Write out word for word the lines from the one holding "Geleceğin ihtiyacını tahmin edin" through the end of the data, and only those lines. Pictures stay out.

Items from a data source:
╔══

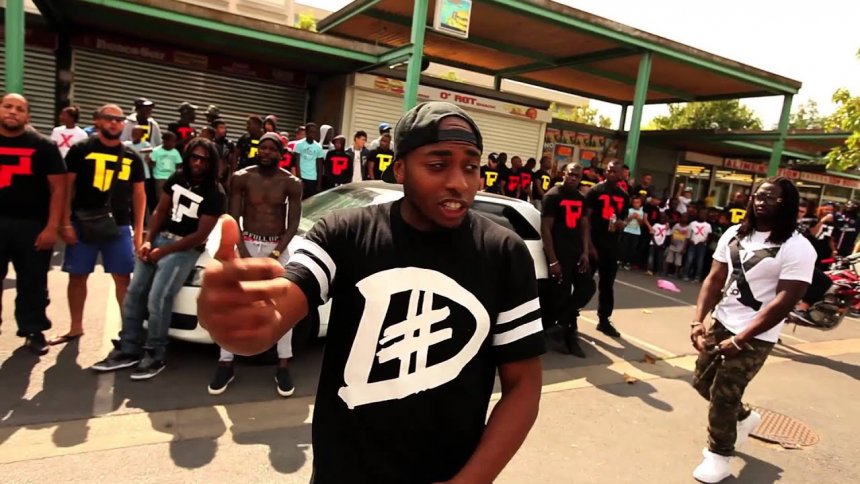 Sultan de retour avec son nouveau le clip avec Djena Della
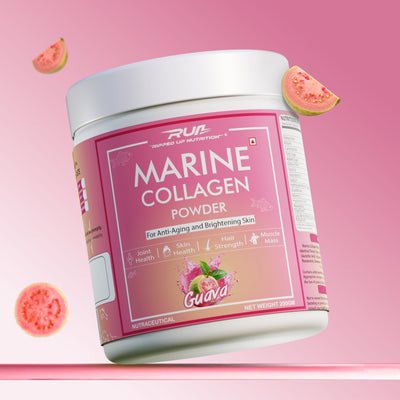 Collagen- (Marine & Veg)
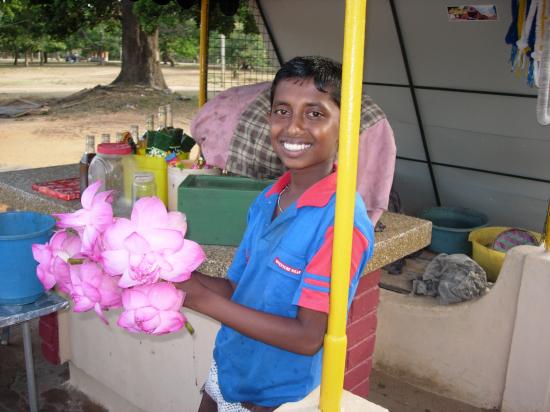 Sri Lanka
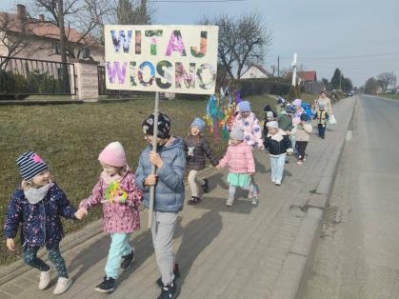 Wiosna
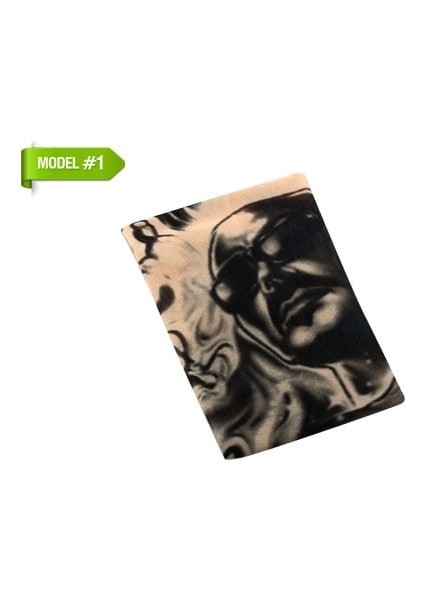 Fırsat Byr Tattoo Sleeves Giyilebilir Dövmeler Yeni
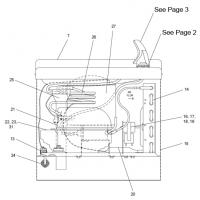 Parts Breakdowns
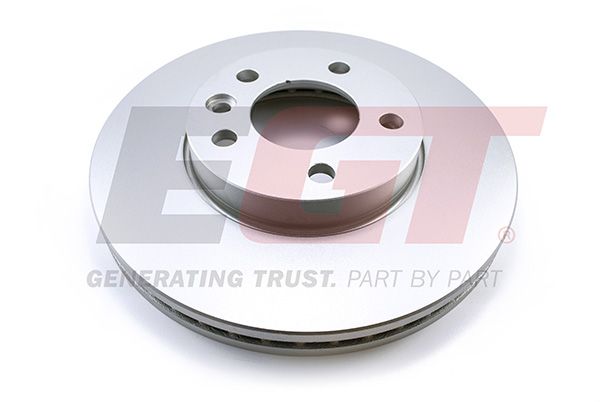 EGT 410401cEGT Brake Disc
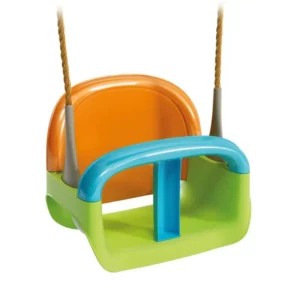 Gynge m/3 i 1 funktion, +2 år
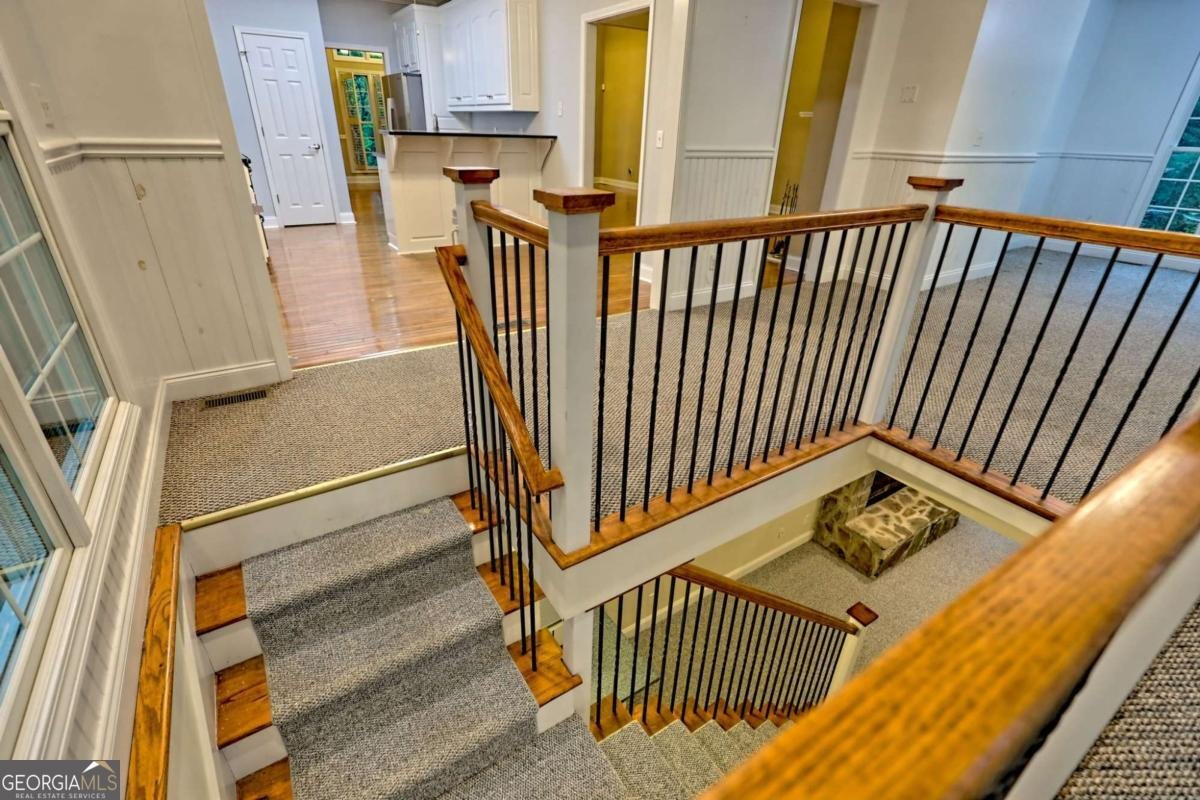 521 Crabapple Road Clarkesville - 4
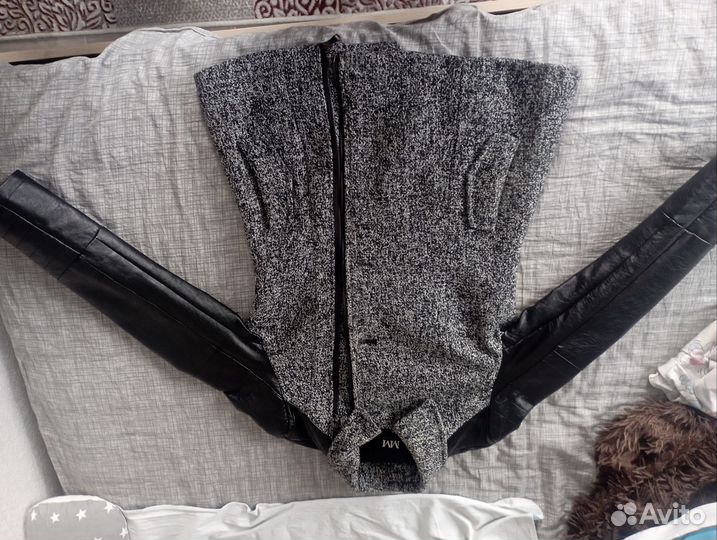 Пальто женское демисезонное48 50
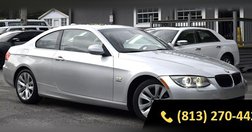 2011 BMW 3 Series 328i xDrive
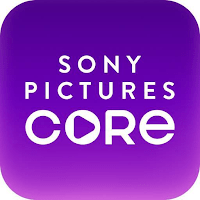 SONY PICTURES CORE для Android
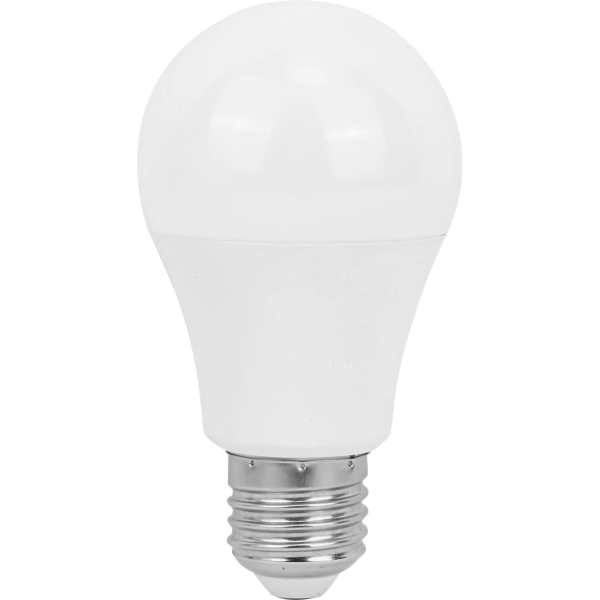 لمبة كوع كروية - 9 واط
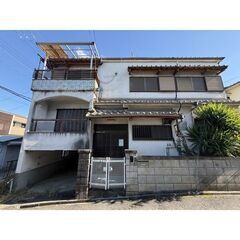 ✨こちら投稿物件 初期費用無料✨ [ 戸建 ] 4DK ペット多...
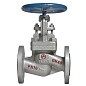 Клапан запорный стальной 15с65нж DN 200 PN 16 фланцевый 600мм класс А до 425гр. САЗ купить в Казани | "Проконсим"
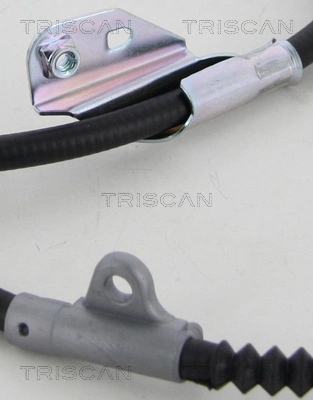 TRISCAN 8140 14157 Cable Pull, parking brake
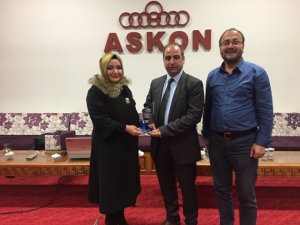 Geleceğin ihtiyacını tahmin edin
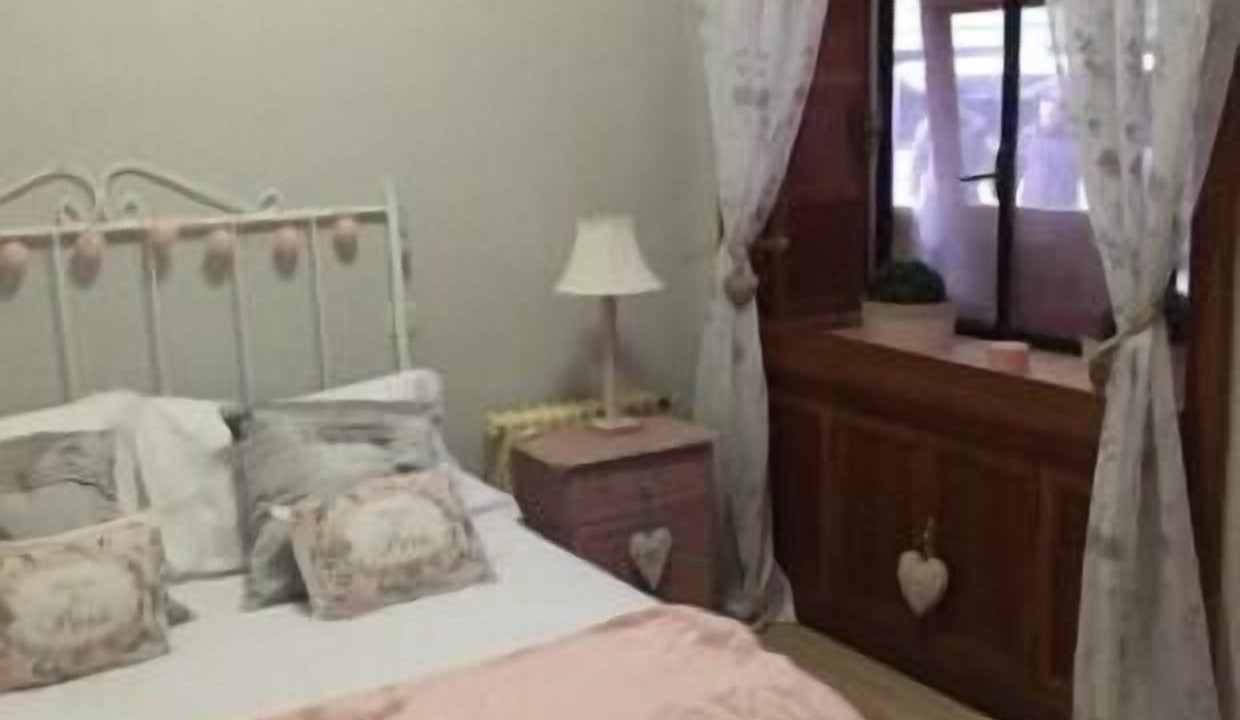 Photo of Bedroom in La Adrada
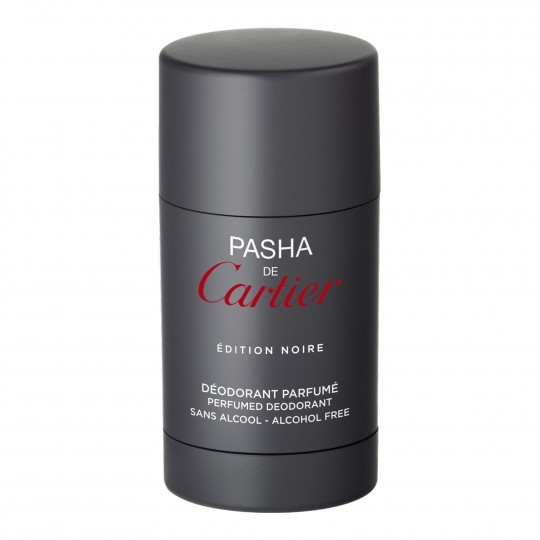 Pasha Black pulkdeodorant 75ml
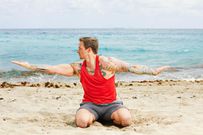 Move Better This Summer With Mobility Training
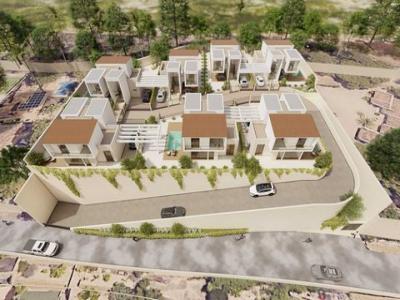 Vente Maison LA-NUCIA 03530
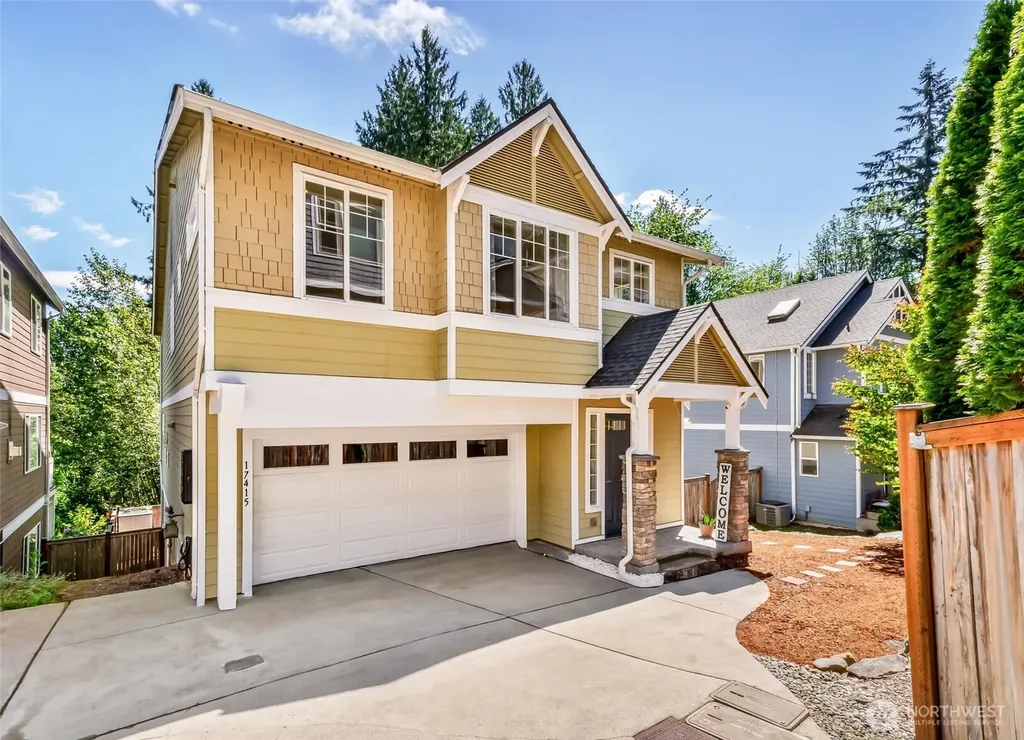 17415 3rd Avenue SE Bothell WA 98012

╚══

_OUTPUT FOR THIS EXERCISE_.
 Geleceğin ihtiyacını tahmin edin
 Photo of Bedroom in La Adrada
 Pasha Black pulkdeodorant 75ml
 Move Better This Summer With Mobility Training
 Vente Maison LA-NUCIA 03530
 17415 3rd Avenue SE Bothell WA 98012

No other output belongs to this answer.